Author: Cranch, Richard
Recipient: Adams, John
Date: 1780-04-26

Richard Cranch to John Adams

[salute] Dear Brother

I have this Moment heard of an Oportunity of writing a line to you by Coll. Tyler of this Town who sets out this Day from hence and is going in a Vessel bound to France from New London.1 I would in the first Place (to fore-close Anxiety) inform you that your Wife and Children, your Mother, Brother &c. are well.

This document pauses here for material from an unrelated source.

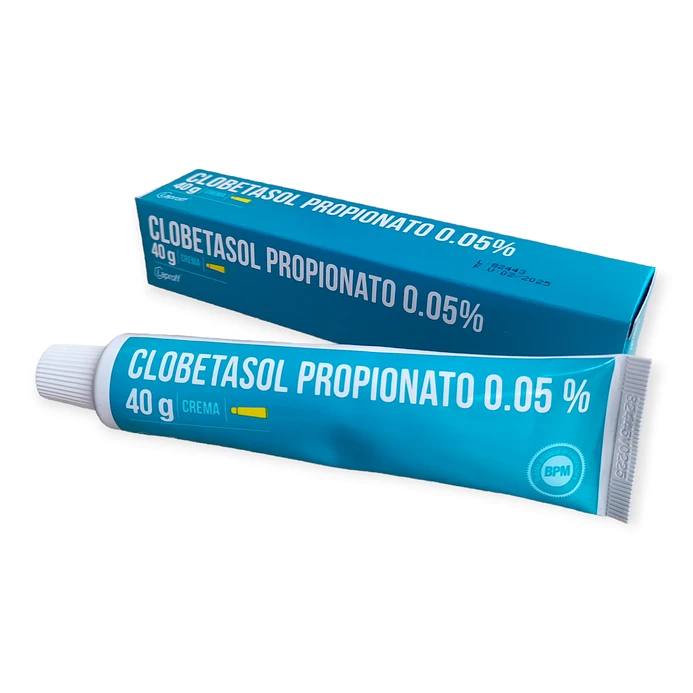 CLOBETASOL PROPIONATO 0,5 TUBO X 40 GR (LAPROFF)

Mr. Partridge is return'd from Congress last Week—brings no News of importance. Genl. Hancock and Genl. Ward are not yet set out for Congress. Mr. Adams, it is said, will soon set out for Philadelphia.2 We have no News from Charlestown, South Carolina, later than the 22d of March, when the Inhabitants were in good Spirits, had got the Works in the Town in good order, and their out-works, for preventing the Enemy's approach, so strong that they were in no great apprehen• { 326 } sion of their succeeding in their Attempt on that Place. The storm that overtook the Enemy's Fleet after they left N: York, was very Providential. The Loss of their Cavalry and Warlike Stores was very great, but the Delay of their Attack upon Charlestown by that means for so long a Time, was of unspeakable Advantage to the State of S. Carolina and to the Town of Charlestown in particular, as by that means they had time to compleat their Works and collect Forces from distant Parts to defend them.

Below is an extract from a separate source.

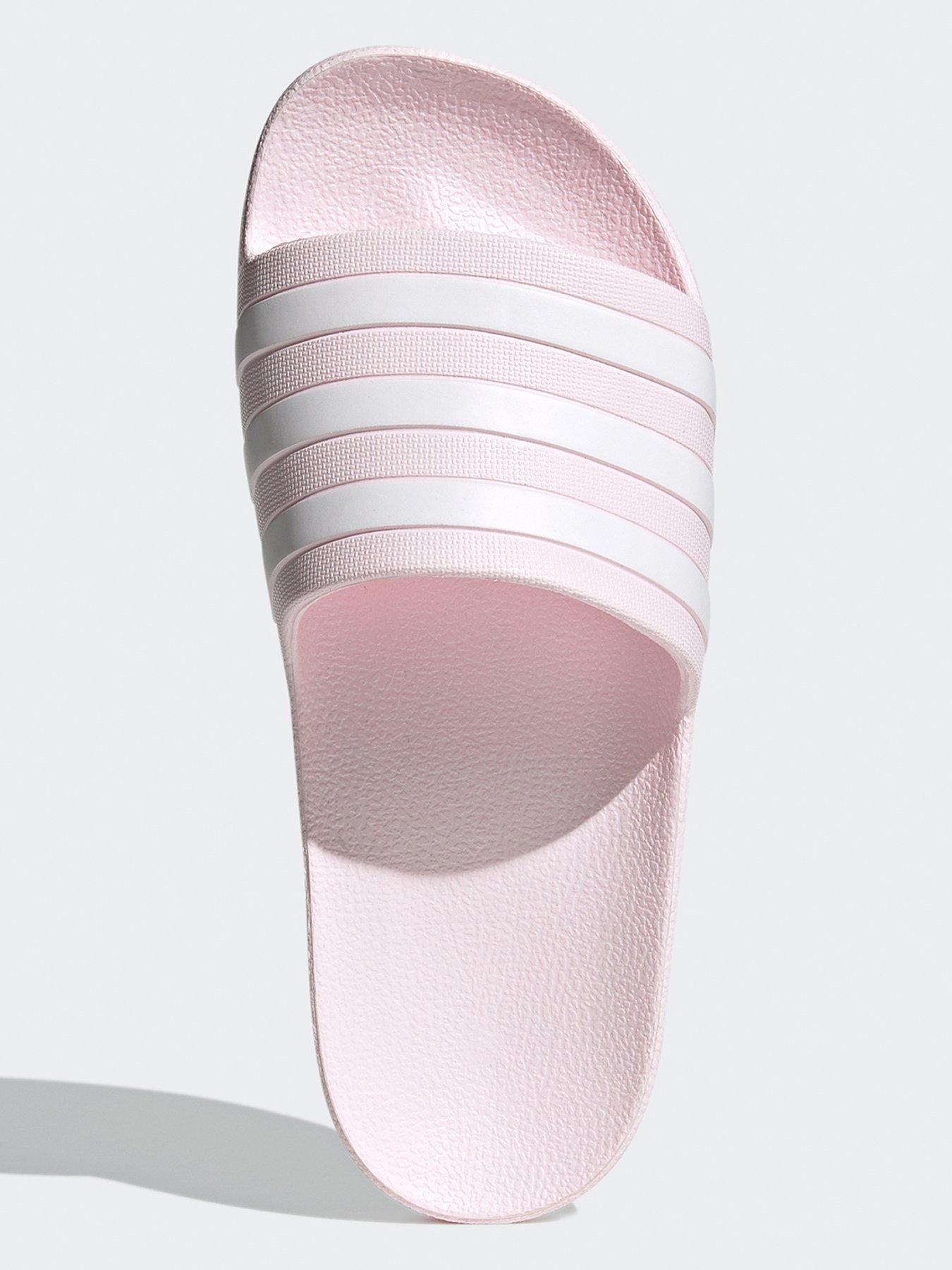 adidas Sportswear Womens Adilette Aqua Sliders Light Pink Very Ireland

We have a strong Rumour in Town, via Plymouth, that a very formidable French Fleet is arrived at Martinico consisting of 17 Sail of the Line, 20 Frigats and 100 Transports with a large Body of Troops. Should this News prove true I fancy Britain may soon bid farewell to the West Indies as well as to North America.

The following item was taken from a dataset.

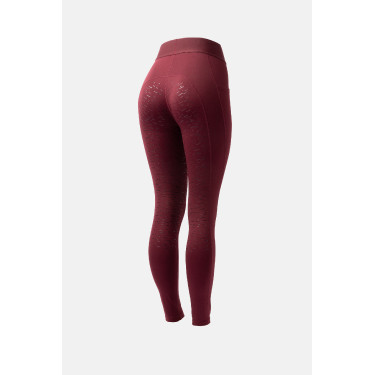 Legging Horze Maia fond intégral grip femme poche téléphone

You will see by the Papers the Congress has recommended a total Revolution in the Paper Currency. The Genl. Court is now sitting here. We have adopted the Spirit of the Recommendation, and a Bill for that purpose has pass'd both Houses but is not yet enacted. By this Act a Tax of £72,000 per Annum for seven Years including the present Year, is to be raised in hard Money, or Produce at a certain Rate; which Sum is supposed sufficient to redeem our Quota of the Continental Currency at its present depreciated value, estimated at forty Paper Dollars for one hard one. This Tax is to be paid in Silver at 6/8 per Oz. or Gold in proportion: or else in Wheat, Rye, Corn, Merchantable Fish, Barrell'd Pork and Beef, &c. &c. which are to be deliver'd into the State-Stores free of Charge at a certain stipulated Price, such as the Merchants would be willing to pay for them in Silver and Gold.3
This is the Fund on which the New Bills proposed by Congress for this State are to be founded, and will at the end of seven Years be sufficient to redeem them with Gold and Silver, and pay the intervening Interest. The Form of Constitution has received various alterations since you left it in less able Hands, that as I conceive are not for the better. It is now printed and sending out to the People. I let sister Adams have one of them to send to you in her Pacquet by Mr. Guile (one of the Tutors) who is going in a Vessel from Beverly, bound to Holland. I will endeavour to send you another by this Conveyance per favor of Coll. Tyler, if I can get it soon enough.4 Sister Adams has received from Mr. Tracey of Newbury Port the Goods that you directed Messrs: Gardoqui and Sons to send to her, consisting of several Pieces of family Linnen, some silk Handkerchiefs, a sett of Knives and Forks, some Glass-Ware &c. I suppose such Articles, if to be sold here, would { 327 } fetch four Dollars in hard Money, for what cost one Dollar in Europe; so that I think a few Remittances of that kind from time to time to Mrs. Adams would be very proper. And upon this occasion I would beg leave to mention to you that if any of your Mercantile Friends should be willing to become Adventurers to America in that way, I should be very glad to serve them in disposing of any Merchandize that might be consign'd to me. I am oblig'd to keep in my Hands part of a very good Warehouse built with Brick and cover'd with Tile, on the Town Dock in Boston where I could store the Goods without Expence of Truckage, and would transact the Business on the most reasonable Terms. And should any of them be inclined to purchase Lands now when so many Confiscated Estates will soon be to be sold (as I wrote you more at large in my Letter of the 18th. of Jany. last, which I hope you have received) my Connection with Public Affairs would enable me to transact such Business with some Advantages that a Person in a more private Station of Life would not have: and my knowledge of the French Language may also facilitate such a Correspondence.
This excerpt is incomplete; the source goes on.